* _ACTIVITY_
Below are lines of records; copy exactly those from the one containing "Barzel 18K Gold" through the one containing "Custom order for", leaving the pictures behind.

* _SOURCE RECORDS_

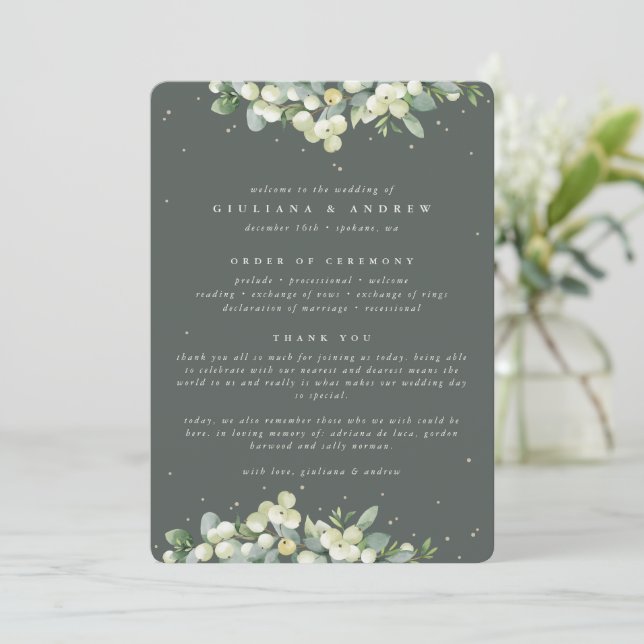 Programme Elégant Mariage d'hiver Eucalyptus & Snowberry Ver (Debout devant)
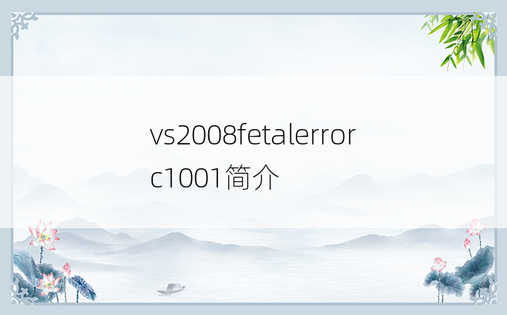 vs2008fetalerrorc1001简介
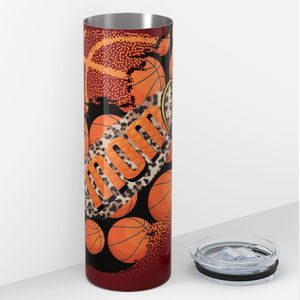 Basketball Mom Heart 20oz Skinny Tumbler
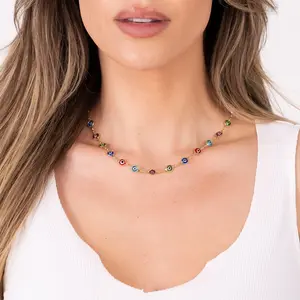 Barzel 18K Gold Plated Evil Eye Necklace, 18 Inches + 2 Inches Extension - Made In Brazil, Tarnish Free, Waterproof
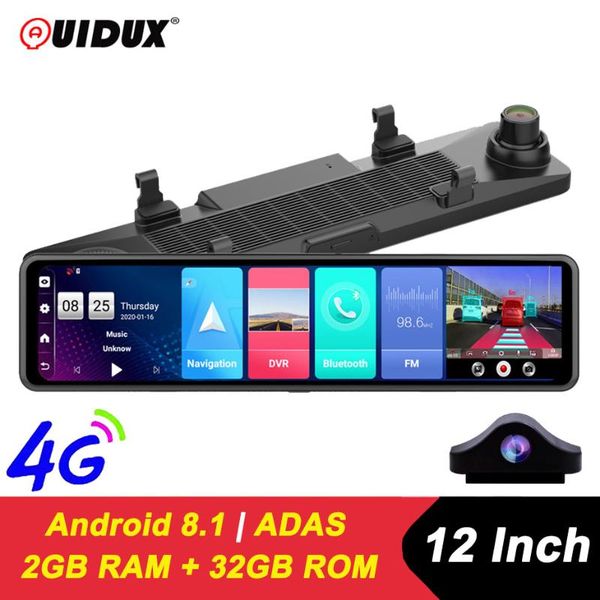 

quidux 12 inch 4g car mirror dvr gps navigation 2g + 32g rom android 8.1 dash cam video recorder fhd 1080p rearview mirror car dvr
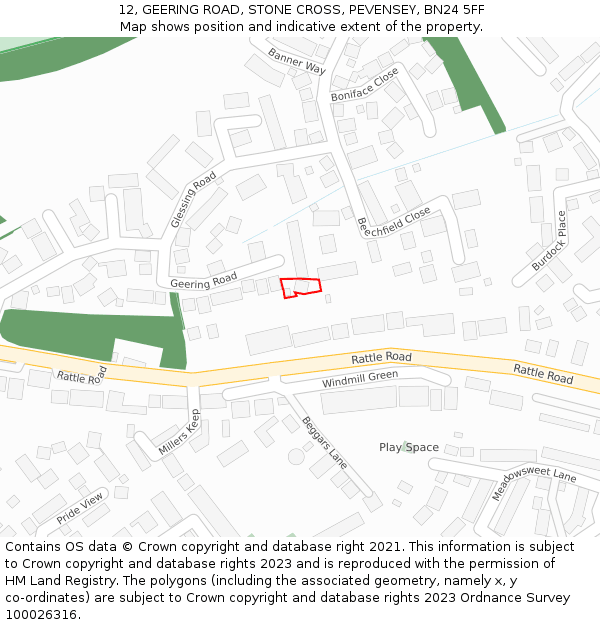 12, GEERING ROAD, STONE CROSS, PEVENSEY, BN24 5FF: Location map and indicative extent of plot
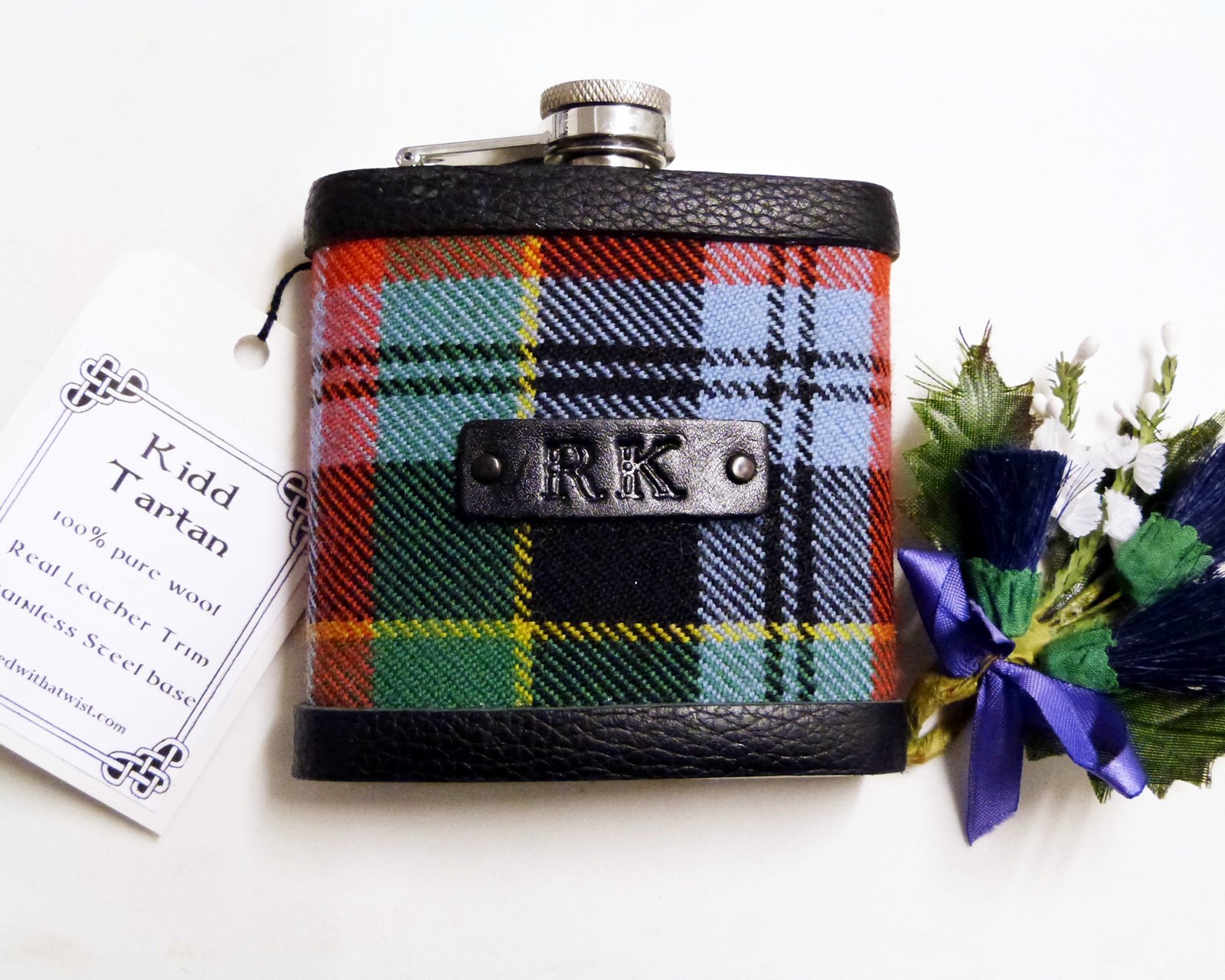 Custom order for Madison  NINE MacDonald of the Isles Hunting Ancient kilt tartan Hip Flasks  with initials 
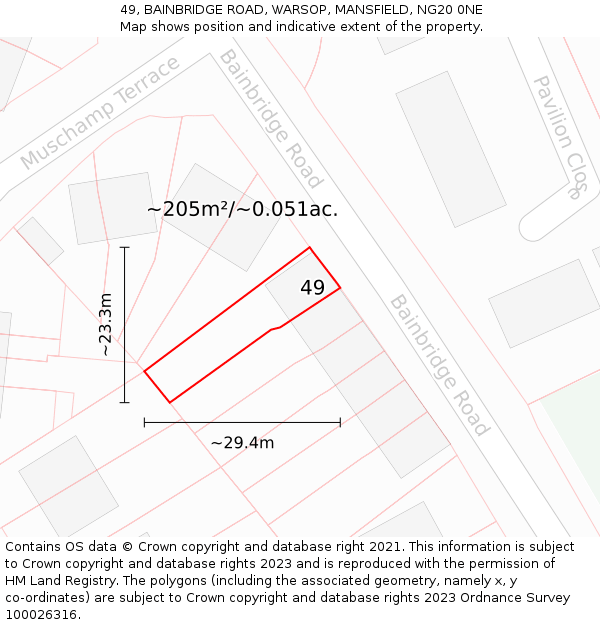49, BAINBRIDGE ROAD, WARSOP, MANSFIELD, NG20 0NE: Plot and title map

* _ANSWER TO THE PROBLEM_
 Barzel 18K Gold Plated Evil Eye Necklace, 18 Inches + 2 Inches Extension - Made In Brazil, Tarnish Free, Waterproof

quidux 12 inch 4g car mirror dvr gps navigation 2g + 32g rom android 8.1 dash cam video recorder fhd 1080p rearview mirror car dvr
 12, GEERING ROAD, STONE CROSS, PEVENSEY, BN24 5FF: Location map and indicative extent of plot
 Custom order for Madison  NINE MacDonald of the Isles Hunting Ancient kilt tartan Hip Flasks  with initials 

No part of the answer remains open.